Pero esta situación empieza a cambiar
con un prestamista adaptado al desarrollo material, que apuesta
por el buen fin de cada empresa y quebraría si su negocio
dependiese de ejecutar embargos. El tejido económico ha
hecho que un campo sostenido antes por anónimos «sirios,
lombardos y judíos» incumba a familias de ilustres
plebeyos como los Buonsignori, los Medici, los Welser, los Fugger,
los Grimaldi, los Hope o los Barings, que partiendo de algún
fundador genial alcanzan y pierden en pocas décadas el
cenit de su influencia. Aunque Europa no pueda estar más
lejos de una unidad política o siquiera religiosa, los
negocios de esas dinastías empresariales la cubren de parte
a parte, tendiendo relaciones que acercan de modo invisible a
su población. El hecho ya permanente es que cuando una
empresa parece rentable, o se trata de una persona con cuya palabra
basta, ha dejado de ser un obstáculo la cantidad a desembolsar.
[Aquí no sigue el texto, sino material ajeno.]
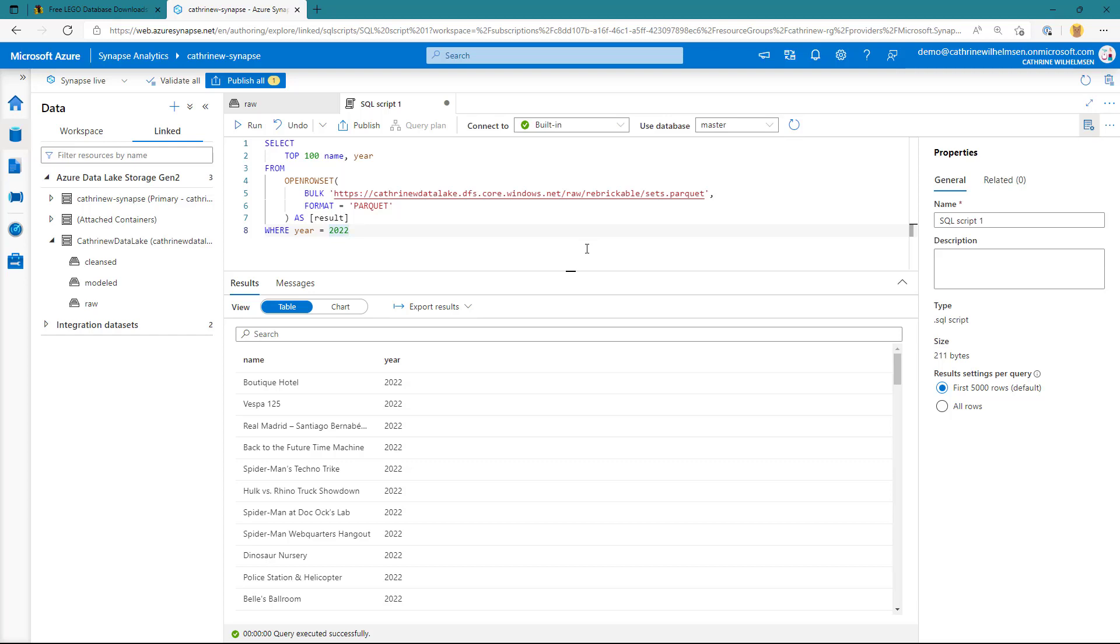And in just a couple of minutes, we've grabbed that file from rebrickable. We've ingested it into our data lake in a different format. We've decompressed it, and now we can go ahead and use serverless SQL to query that file. I absolutely love this feature. You've really made it easy for Synapse users to work with compressed data without having to build out a database.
Por lo demás, el derecho canónico
sigue rechazando cualquier cobro de intereses, y la mercantilización
alterna avances con retrocesos. En Inglaterra, que recorre a su
manera lo anticipado por las ciudades italianas y flamencas, una
legislación errática sólo se consolida en
1571 al establecer un límite del 10 por 100 anual16,
aunque el baldón de usura determina que lo pactado no pueda
reclamarse judicialmente. En los demás países, y
en la propia Inglaterra, que el crédito sea en algunos
lugares y momentos una operación de mercado negro sigue
suponiendo para ambas partes los riesgos de algo no por clandestino
menos evitable. En Francia, por ejemplo, cualquier interés
superior al 6 por 100 siguió siendo usurario hasta el 12
de octubre de 1789, tres meses después de estallar la Revolución.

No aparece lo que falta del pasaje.